С раннего утра до позднего вечера Констанция ставит самовары, бегает за булками, убирает комнаты, помогает хозяйке готовить обед, разносит обеды жильцам -- и ни минуты не знает покоя. Ни отпусков, ни праздников для нее не существует. Через полгода деревенский, густой румянец исчез с ее лица, добродушие улетучилось, она похудела и превратилась в тень прежней Констанции.
Тысячи таких Констанций, не выдержав, от наглой эксплуатации хозяек ушили на панель, махнув на все рукой. Тысячи девушек, по большей части -- бывших горничных, заполняли ночные проспекты, кафе и рестораны, погибали в больницах, травились уксусной эссенцией и умирали от побоев в полицейских участках.
В этом огромном доме каждый день происходили трагедии и драмы, о которых через тех же горничных становилось известно жильцам. Благоволившая к нам Констанция, подав самовар, останавливалась у дверей, прислонялась к стене, подпирала ладонью щеку по-бабьи и начинала:
-- А вчера вечером жилица из тридцатой квартиры уксусной эссенцией отравилась. А как она кричала! Матка боска! В больницу увезли, едва ли жива останется. Та самая, к которой по ночам гости ходили. Черненькая, Тамарой звать.

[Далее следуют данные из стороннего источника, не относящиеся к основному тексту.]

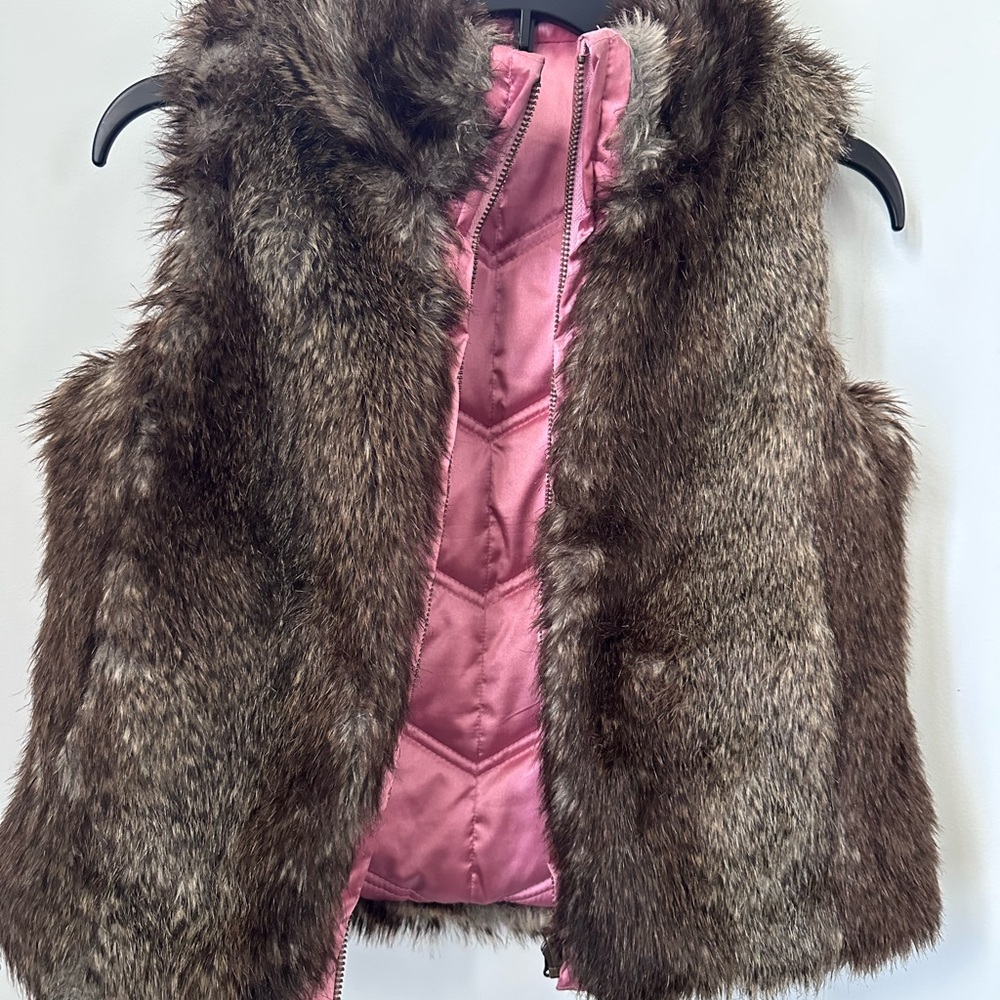 Kids gap reversable faux fur vest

-- А вчера ночью у студента из сорок пятой обыск был. Жандармы его с собой забрали. Рылись у него, рылись, -- все мышиные норки облазили.
-- А сегодня в восьмидесятой жилец другому жильцу голову бутылкой проломил. Ну, конечно, по пьяной лавочке. Одного в полицию дворники потащили, а другого в больницу увезли.

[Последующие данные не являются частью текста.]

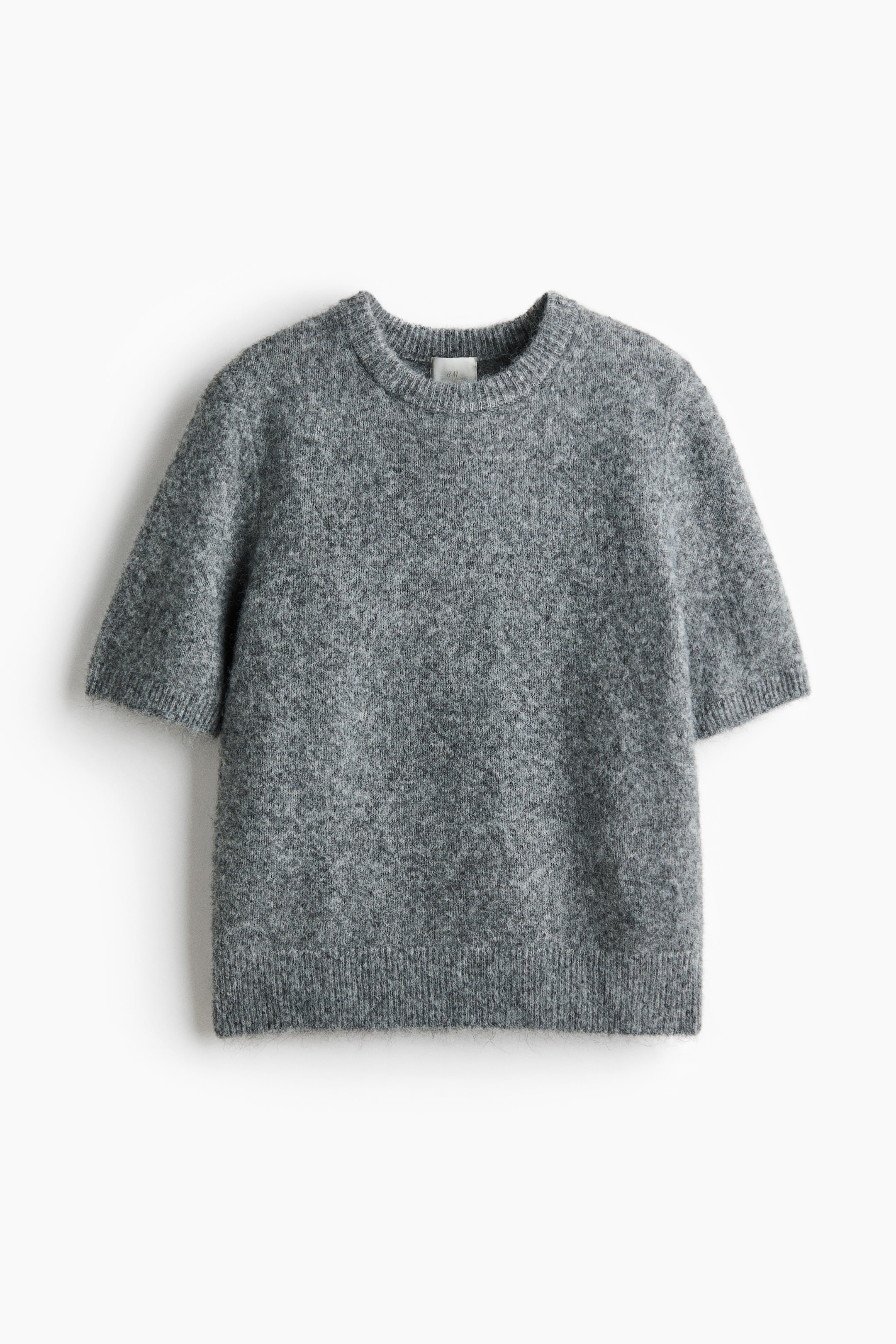 Voir une image plus grande: Un chandail à manches courtes gris chiné est posé à plat, face vers l'avant. Il présente un tricot texturé, un col rond et des poignets côtelés sur les manches courtes et l'ourlet.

-- А знаете, барышня-то из восемьдесят шестой квартиры чуть не повесилась, -- из петли соседи вынули. Да, блондинка, худенькая такая, симпатичная. Говорят -- три месяца службу искала, голодала. Хозяйке за два месяца задолжала, та ее выгнать собиралась. Их горничная Даша мне рассказывала -- все до нитки в ломбард снесла, в одном платьишке осталась.

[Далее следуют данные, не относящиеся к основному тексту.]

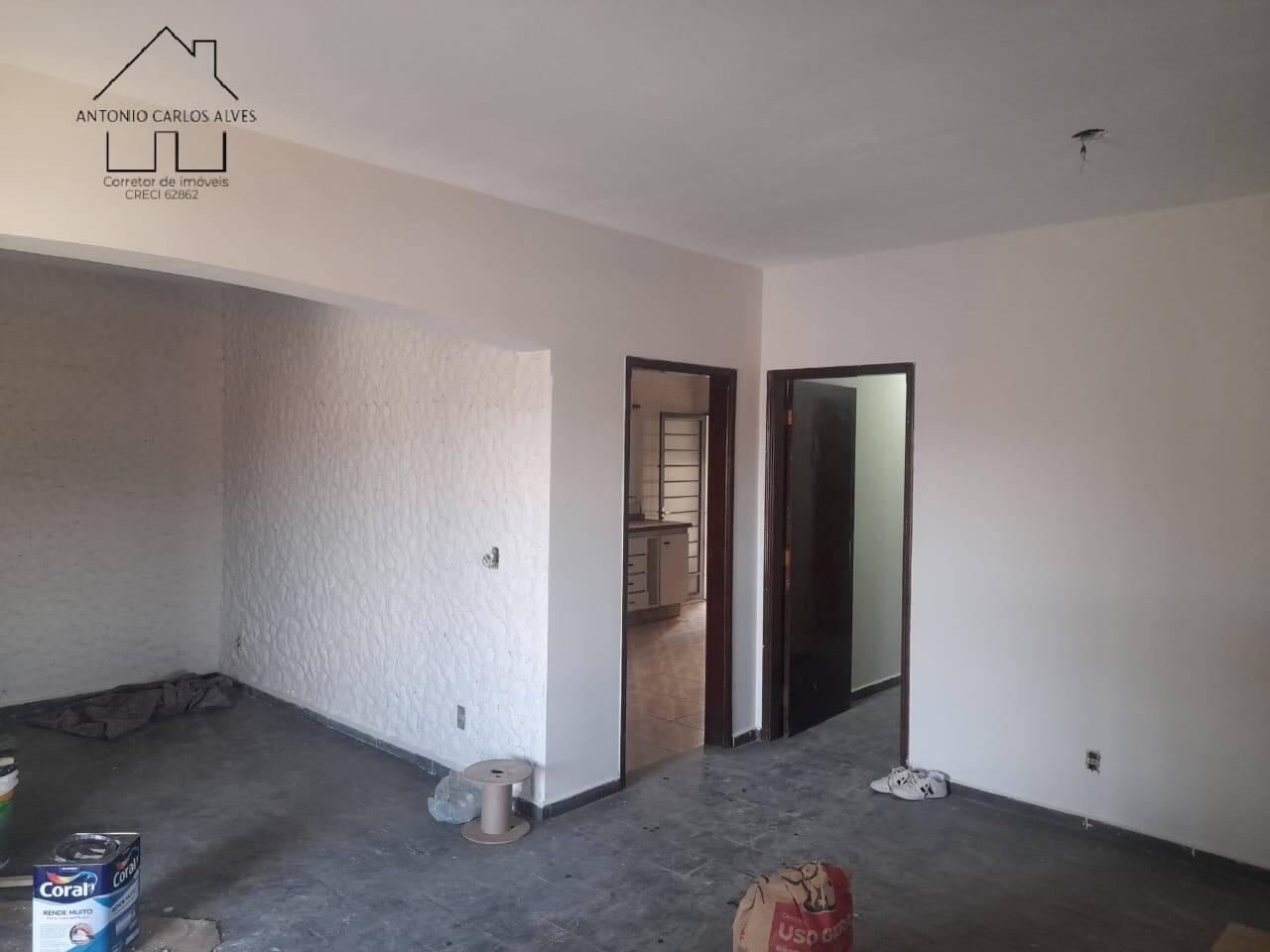 Sobrado à venda com 6 quartos, 320m² - Foto 35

Стены в "меблирашках" были тонкие, словно картонные, и слышно было все, что говорилось в соседних комнатах. К счастью, в нашей квартире были сравнительно спокойные жильцы. Здесь жили две портнихи, возвращавшиеся поздно с работы. По воскресеньям у них собирались гости, но вели себя чинно. Рядом с ними поселилась содержанка какого-то мелкого торговца. Она пила запоем, плакала в одиночестве и жаловалась Констанции на своего содержателя, скупого и грубого человека, посещавшего ее не чаще одного раза в неделю. Рядом с нами с одной стороны занимали комнату два студента Института гражданских инженеров, спокойные ребята, уходившие рано на занятия и возвращавшиеся поздно. Только однажды явились они в сильном подпитии, завалились на кровать, и неожиданно в ночной тишине прозвучал возбужденный голос одного из них:
-- Васька! Друг! Слышишь? Я буду гениальным инженером, заработаю сто тысяч... и мы с тобой их вместе пропьем!
Товарищ его пробормотал что-то невразумительное в ответ, мы громко расхохотались, а бедный мечтатель конфузливо замолчал и вскоре захрапел.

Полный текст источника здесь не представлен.